-------- Data for the task --------

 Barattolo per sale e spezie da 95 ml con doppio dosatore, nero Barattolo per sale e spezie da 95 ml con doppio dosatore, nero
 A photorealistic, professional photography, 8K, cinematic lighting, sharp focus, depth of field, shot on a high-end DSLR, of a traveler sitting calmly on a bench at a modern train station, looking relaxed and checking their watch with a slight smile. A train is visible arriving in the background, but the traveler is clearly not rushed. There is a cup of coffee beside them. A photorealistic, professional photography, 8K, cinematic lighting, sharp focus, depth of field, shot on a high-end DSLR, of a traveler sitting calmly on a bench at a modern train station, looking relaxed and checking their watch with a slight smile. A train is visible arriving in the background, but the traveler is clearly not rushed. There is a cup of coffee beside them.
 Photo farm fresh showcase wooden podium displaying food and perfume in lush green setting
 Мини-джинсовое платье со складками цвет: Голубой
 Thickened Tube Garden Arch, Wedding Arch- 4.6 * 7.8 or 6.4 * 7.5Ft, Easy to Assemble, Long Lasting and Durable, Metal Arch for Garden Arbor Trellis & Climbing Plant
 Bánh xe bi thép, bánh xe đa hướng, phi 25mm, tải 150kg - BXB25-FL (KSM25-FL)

--------
-------- Data for the task --------

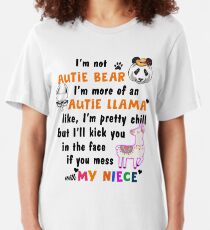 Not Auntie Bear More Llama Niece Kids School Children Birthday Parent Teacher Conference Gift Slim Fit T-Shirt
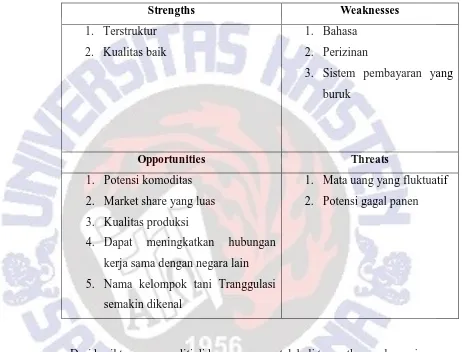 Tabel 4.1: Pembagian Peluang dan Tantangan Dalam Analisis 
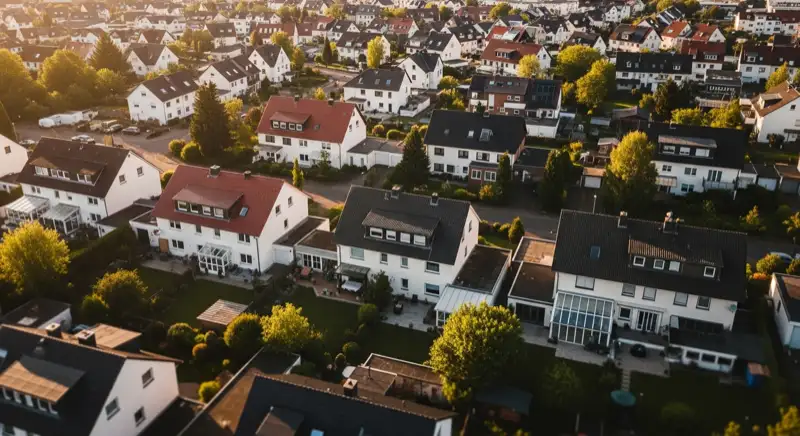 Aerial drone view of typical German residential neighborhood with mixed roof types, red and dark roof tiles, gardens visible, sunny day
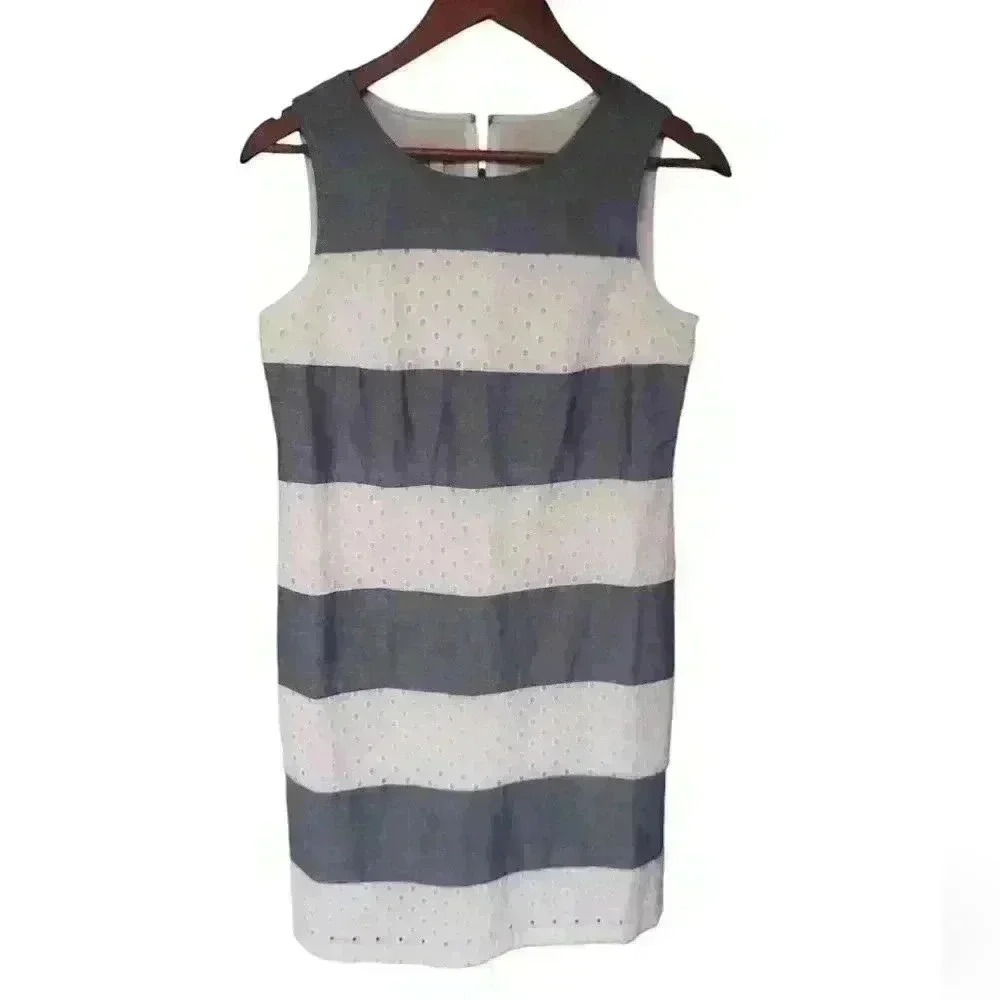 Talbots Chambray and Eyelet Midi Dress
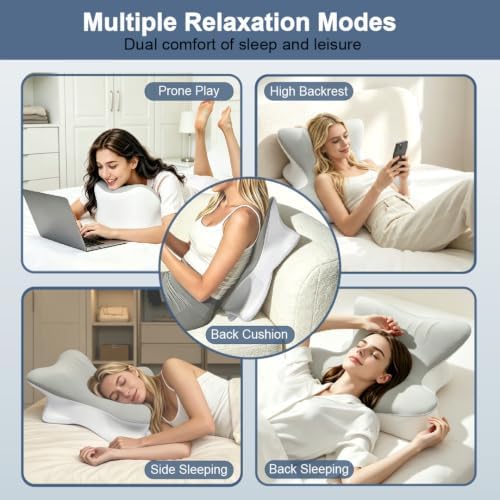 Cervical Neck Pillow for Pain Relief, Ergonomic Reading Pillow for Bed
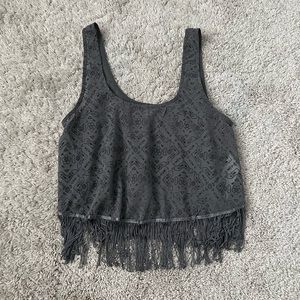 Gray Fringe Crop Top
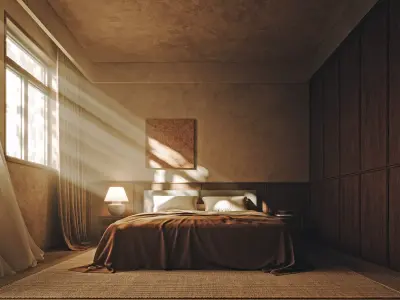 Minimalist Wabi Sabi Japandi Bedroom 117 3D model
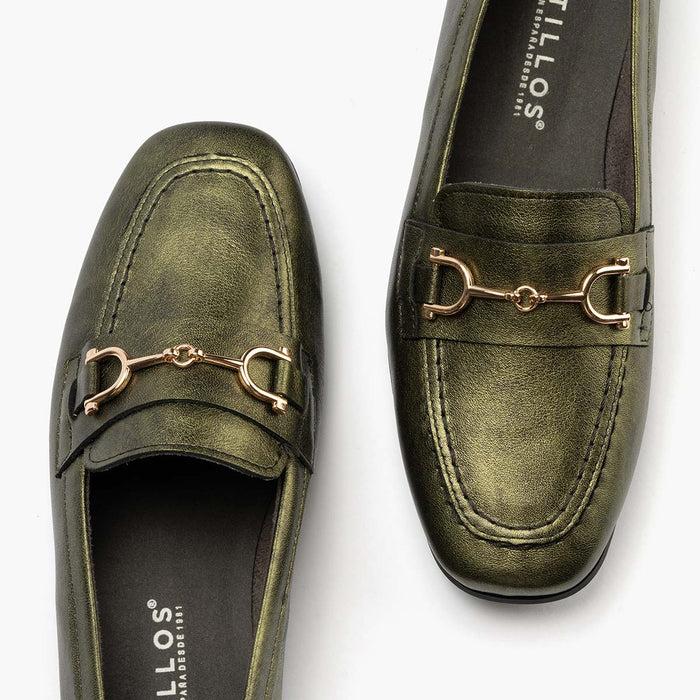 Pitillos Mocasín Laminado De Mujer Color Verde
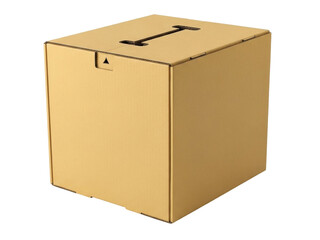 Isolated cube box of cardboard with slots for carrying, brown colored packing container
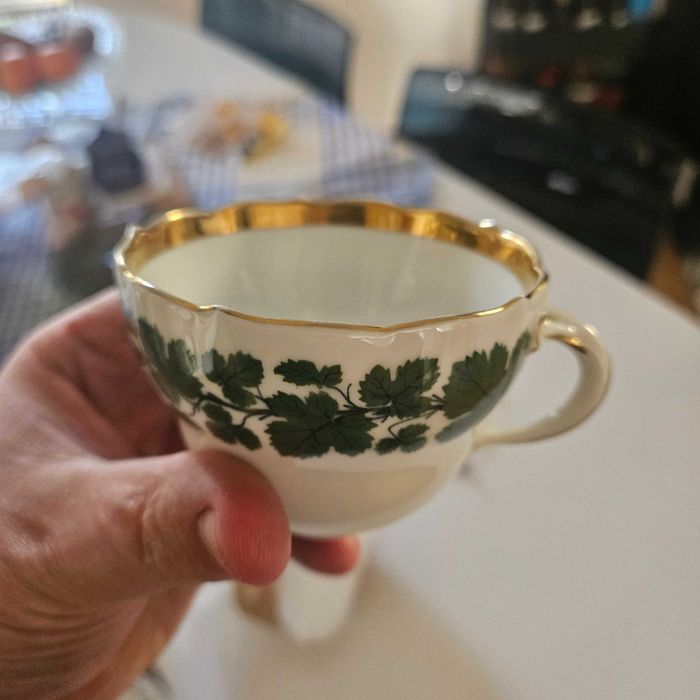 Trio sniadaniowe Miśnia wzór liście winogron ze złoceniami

--------

= What you should do =
Above are some records; copy exactly the lines from the one with "Thickened Tube Garden" through the one with "Bánh xe bi thép, bánh", both included, and no others.

= Reply =
 Thickened Tube Garden Arch, Wedding Arch- 4.6 * 7.8 or 6.4 * 7.5Ft, Easy to Assemble, Long Lasting and Durable, Metal Arch for Garden Arbor Trellis & Climbing Plant
 Bánh xe bi thép, bánh xe đa hướng, phi 25mm, tải 150kg - BXB25-FL (KSM25-FL)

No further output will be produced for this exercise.